Qu’il faille un économiste formé en Grande-Bretagne et aux Etats-Unis et bénéficiant d’une subvention de l’Etat norvégien et d’un congé sabbatique de son employeur, l’euro-sceptique et eurosceptique Financial Times, pour plaider avec brio la cause de l’euro, devrait en plonger les détracteurs dans la confusion et en couvrir les responsables de honte. Les premiers ont manqué d’objectivité et les seconds, de conviction. Dans Europe’s Orphan, Martin Sandbu argumente que lesdits responsables ont en outre commis dans la gestion de la crise de la zone euro de nombreuses fautes directes qui ont contribué à dévaluer la stature de la monnaie unique et du projet européen tout entier. De même qu’un orphelin malencontreusement placé chez des proches suscite ressentiment et compassion mais pas d’amour, l’euro paraît aujourd’hui difficile à aimer et désavoué par ses propres membres.

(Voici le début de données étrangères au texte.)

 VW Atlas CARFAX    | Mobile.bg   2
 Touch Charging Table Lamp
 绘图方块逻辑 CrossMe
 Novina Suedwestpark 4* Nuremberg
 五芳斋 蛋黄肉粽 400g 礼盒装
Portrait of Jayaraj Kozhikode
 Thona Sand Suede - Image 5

Il y a deux manières, expose l’auteur, dont la structure prétendument imparfaite de l’union monétaire européenne serait, aux yeux de ses détracteurs, responsable d’une crise qui trouve son origine, faut-il le rappeler, dans celle des crédits hypothécaires américains. D’une part, les agents économiques de la zone euro auraient pris plus de risques qu’ils n’en auraient pris si la monnaie unique n’existait pas. D’autre part, quelle que fût l’origine de la crise, l’euro priverait les décideurs des meilleurs outils de politique économique qui leur permettraient de combattre la crise. Ce sont ces deux allégations que Martin Sandbu réfute dans son plaidoyer.

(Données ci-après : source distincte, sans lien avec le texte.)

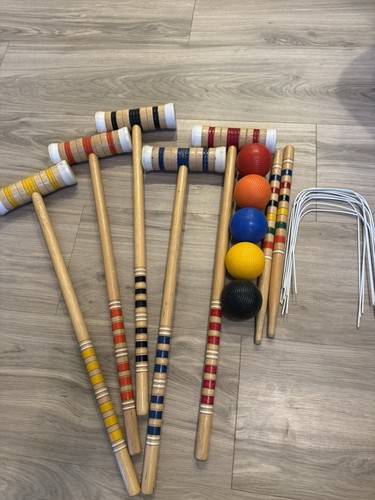 Sport craft croquet set - sport,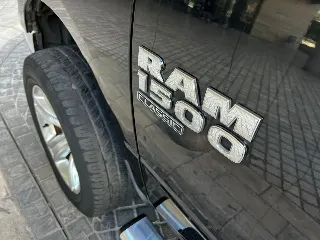 Ram 1500 3.6 2020 Bencina NEGRO foto 8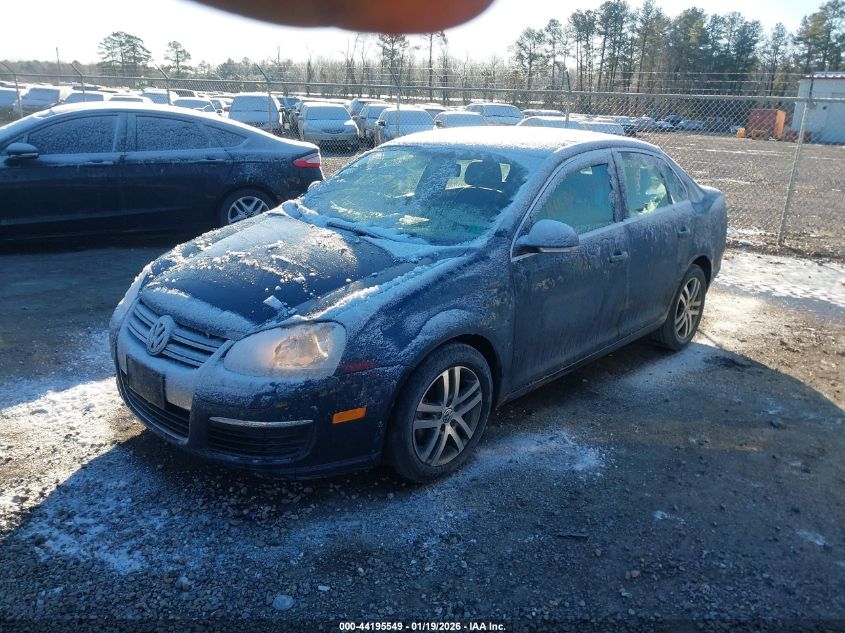 2006 Volkswagen Jetta Tdi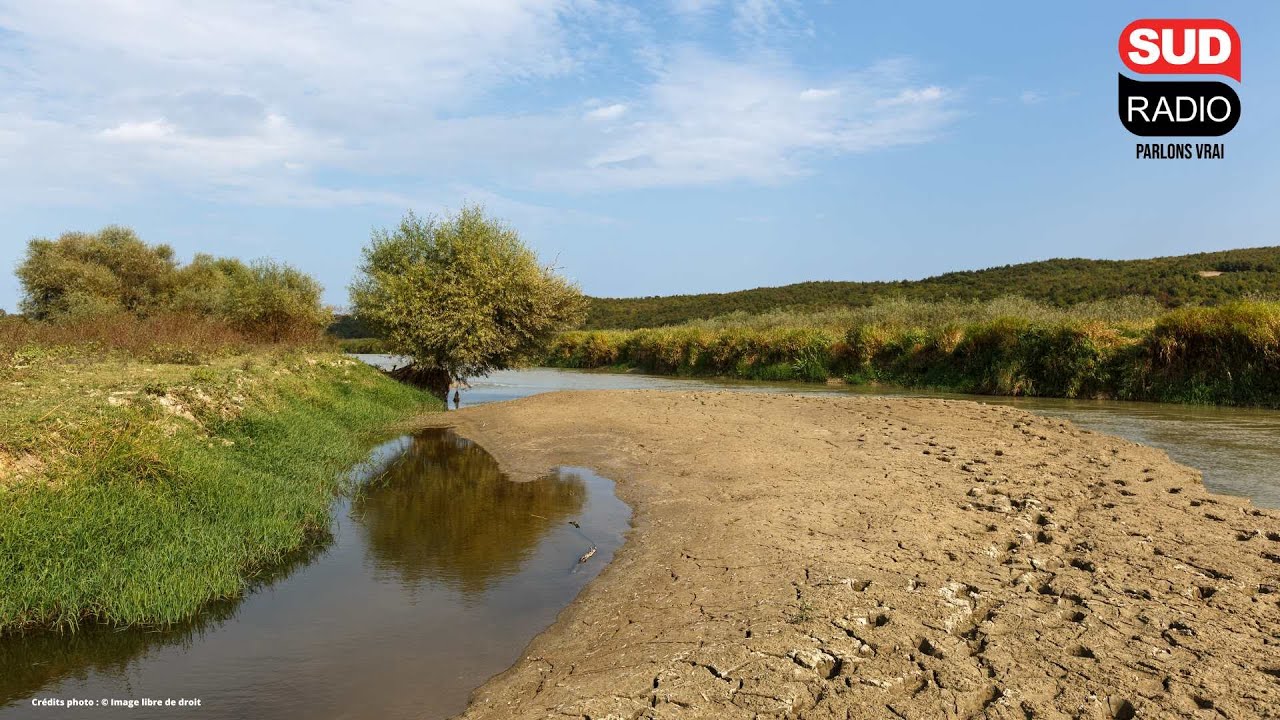 Sécheresse : distributions d'eau en bouteille dans 4 communes des Pyrénées-Orientales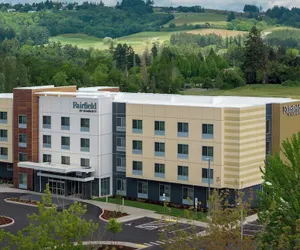 Photo 2 - Fairfield By Marriott Inn & Suites Portland Newberg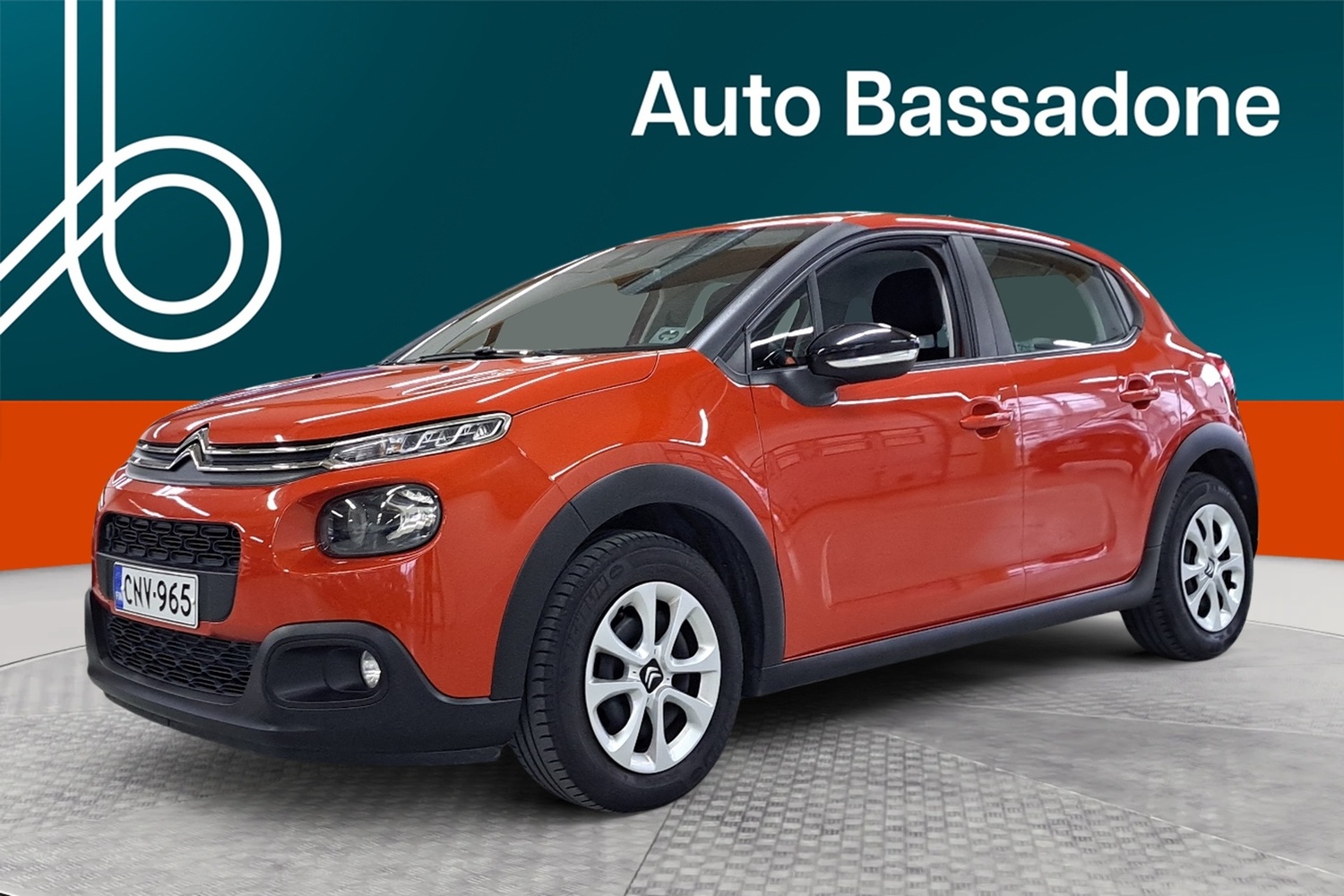 Citroën C3 vaihtoauto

C’est l’accumulation excessive de dettes et de crédits qui plongea l’eurozone dans la crise mais celle-ci se serait aussi produite si l’euro n’avait pas existé, écrit-il, et elle n’était nullement prédestinée à se dérouler comme elle le fit à cause de l’euro. Le livre reprend le récit de la crise et montre qu’à des moments critiques les dirigeants politiques et les autorités monétaires commirent des fautes, non pas parce que l’euro ne leur laissait aucune alternative mais parce qu’ils suivirent des idées aberrantes quant à ce qui était nécessaire et, en particulier, l’idée qu’il fallait à tout prix éviter de restructurer les dettes.
Les exemples de la Grèce et de l’Irlande sont édifiants, avance l’auteur. D’un côté, il s’agissait d’un problème de dette souveraine, de l’autre côté, d’un problème de surendettement de banques privées. La sanctification des dettes comme étant quelque chose qu’il fallait respecter par-dessus toute autre chose engendra de nouvelles fautes et conséquences d’ordre économique (assainissement budgétaire sévère et resserrement du crédit) et d’ordre politique (suspension de fait du processus démocratique et rebellions populistes). Le pire est que cette approche servit de modèle lorsqu’il fallut résoudre d’autres crises (Chypre, Portugal, Espagne).
Si l’euro n’existait pas et l’on en était resté au système monétaire européen encadrant les fluctuations des monnaies nationales d’avant l’euro, la Grèce n’eût-elle pas triché sur l’état réel de son économie, les banques lui eussent-elles prêté moins d’argent ainsi qu’aux autres emprunteurs souverains à des taux comme s’il se fût agi de l’Allemagne, eussent-elles antérieurement acheté moins de pots pourris de crédits hypothécaires américains ?
Toujours est-il qu’en 2012-2013, les leaders de la zone euro se rachetèrent. Après avoir abhorré les restructurations de dettes souveraines et bancaires, ils adhérèrent aux unes et aux autres. Sans doute auraient-ils pu et auraient-ils dû le faire beaucoup plus tôt. Le bien-être économique et l’équilibre politique de l’Europe s’en seraient portés nettement mieux.
L’ultra-gauche populiste, qu’embrasse le Front National sur le plan économique, prône un retour au paradigme inflation-dévaluation-imposition à tous crins. C’est oublier que cette manière de procéder, si elle peut restaurer un semblant de compétitivité extérieure, ce n’est qu’à titre temporaire et cela dissimule l’essentiel, à savoir un manque de productivité et de croissance à long terme de la capacité réelle de l’économie en termes de rendement de chaque heure de travail et de chaque unité de capital. En outre, la volatilité monétaire comporte un réel coût économique en ce qu’elle dissuade le commerce international et l’investissement en raison de l’incertitude qu’elle induit concernant leur rentabilité.
Qu’une économie prospère ou stagne sur le long terme n’est qu’en partie déterminé par la monnaie, rappelle Martin Sandbu. Cette conclusion fondamentale fera l’objet d’un autre article consacré à Europe’s Orphan, remarquable analyse et plaidoyer lucide qui vont à l’encontre des partis pris et des prêches du repli sur soi.